Soy oil caught a big bid on some concern over potential major biodiesel supply disruption in Europe, as well as a renewed round of talks regarding renewable diesel being used as jet fuel. While corn picked up on continued strong ethanol margins and the idea the administration may hold off on announcing any major changes to RFS blending requirements until they get their spending and infrastructure bills passed.
Export sales were a marketing year high for corn, coming in above pre-report expectations at 1.2 mmt. Mexico accounted for the lion’s share of sales and was in to buy more based on the flash sale from the USDA announced yesterday morning as well.

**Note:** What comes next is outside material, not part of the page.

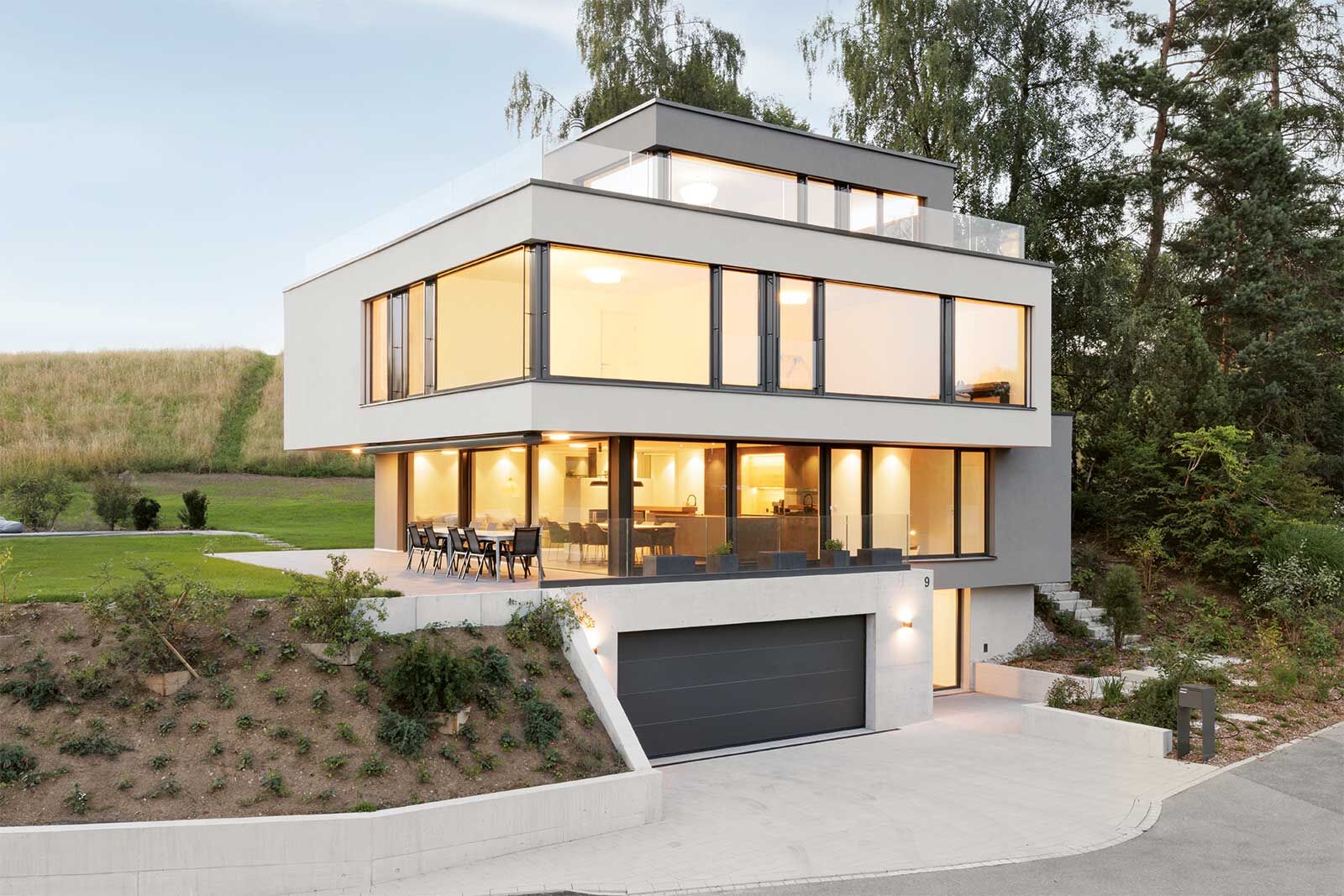 Der moderne Neubau fügt sich dank der gestaffelten Geschosse harmonisch in die Umgebung ein.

Bean sales were in line with expectations, with the lion’s share there heading to China.
Sales and shipments still remain well behind last year's pace for beans, leading many to discuss a potential cut to export demand in next week's report. From a historical standpoint it is rare to see a cut to export demand made by the USDA this early in the marketing year, but with the current pace down like it is it wouldn't necessarily come as a surprise.
CONAB (Brazil's version of the USDA) released their first Brazilian production estimate for the new crop season, putting full year corn production at 116 mmt with soybean production expected to come in just under 141 mmt. These estimates compare to last year's production figures of 137 mmt of soybeans and 87 mmt of corn. They are also lower than the USDA's current estimate of 144 mmt of beans and 118 mmt of corn production for the country.
Other private analysts falling into the range between CONAB and the USDA when it comes to what their expecting out of Brazil.
One well-followed private analyst released his overall South American production outlook earlier in the week with similar increases to production in Brazil, outlining other production potential in neighboring countries.
According to his analysis, we could easily be looking at an additional 450 million bushels of soybeans working their way into the global pipeline (this without any adjustments to the current US production outlook) with 1.4 billion bushels of potential increases in corn production. Of course, Mother Nature will have the final say, with a developing La Nina pattern looking to start impacting South American weather- especially Argentine production areas in the coming weeks and months.
Looking ahead we will continue to monitor what is happening in outside markets. China is back from holiday and likely buying some beans based on the moves we're seeing in the overnight. We've tested recent downside support in beans 3 different times this week and failed, so it wouldn't be surprising to see us work higher into the end of the week especially if soy oil continues on its tear.
Remember to keep realistic targets in mind when it comes to pricing bushels here in the short-term, current market trends continue to indicate a range-bound trade, so be sure to keep in mind the high side of those ranges when making decisions.